Kaliyah se quedó atónita en el lugar. Miró a Cason con incredulidad. No habló durante mucho tiempo. Sus hombros temblaban, y las lágrimas casi instantáneamente fluyeron de sus ojos.
—¿Qué estás diciendo? —su voz temblaba.
Dio otro paso más cerca de Cason.
—¿Quieres divorciarte de mí?
—Sí, lo siento. Te daré suficiente dinero.
—¿Dinero? Cason, ¿crees que me importa eso? ¿Por qué quieres divorciarte de mí? ¿Por Ainsley? No seas estúpido otra vez. Sabes mejor que yo a quién le gusta Ainsley. ¿Cómo puede perdonarte por lo que hiciste antes?
Comenzó a hablar incoherentemente. Agarró la mano de Cason y continuó con un tono sollozante:
—Cariño, ya estamos casados, y ambos tenemos hijos. He pasado por tantas dificultades para dar a luz a un hijo. ¡No puedes simplemente abandonarme así! ¿Por qué quieres hacer esto? ¿Ainsley te prometió que si te divorcias de mí, estará contigo?

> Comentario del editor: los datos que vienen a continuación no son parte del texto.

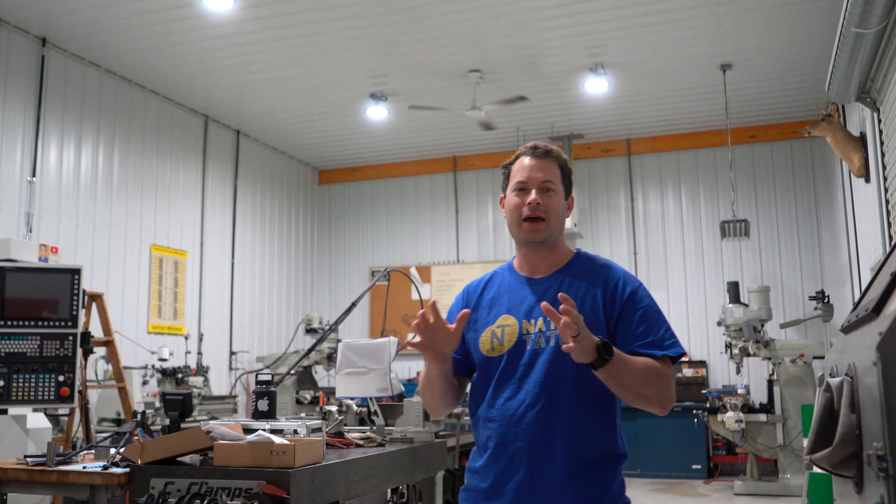Hey guys, this is Nate and this is the Nader Tater channel. I'm back here in my uncle's barn.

Cason negó con la cabeza y lentamente apartó la mano de Kaliyah.
—Kaliyah, tú también sabes que estos días he estado distraído, y siempre has estado adivinando y sospechando. Lo siento por ti. Nunca me he atrevido a admitirlo abiertamente frente a ti. De hecho, adivinaste bien. Me arrepiento. Fue solo después de perder completamente a Ainsley que entendí lo importante que era para mí. Aunque era demasiado tarde, cuando recordé las cosas que sucedieron entre tú, ella y yo, supe lo que hice mal. No debería haber elegido comenzar de nuevo antes del final, así que esta vez decidí asumir la responsabilidad.
Kaliyah gritó frenéticamente:
—¿Así que la responsabilidad en tu corazón es abandonarme a mí y a nuestro hijo? No estás asumiendo ninguna responsabilidad en absoluto. Si es así, ¿por qué elegiste casarte conmigo?
Lindsay escuchó el ruido y bajó las escaleras. Mirando a la llorosa Kaliyah, preguntó con preocupación:
—¿Por qué están discutiendo ustedes dos? El niño todavía está durmiendo, así que hagan silencio.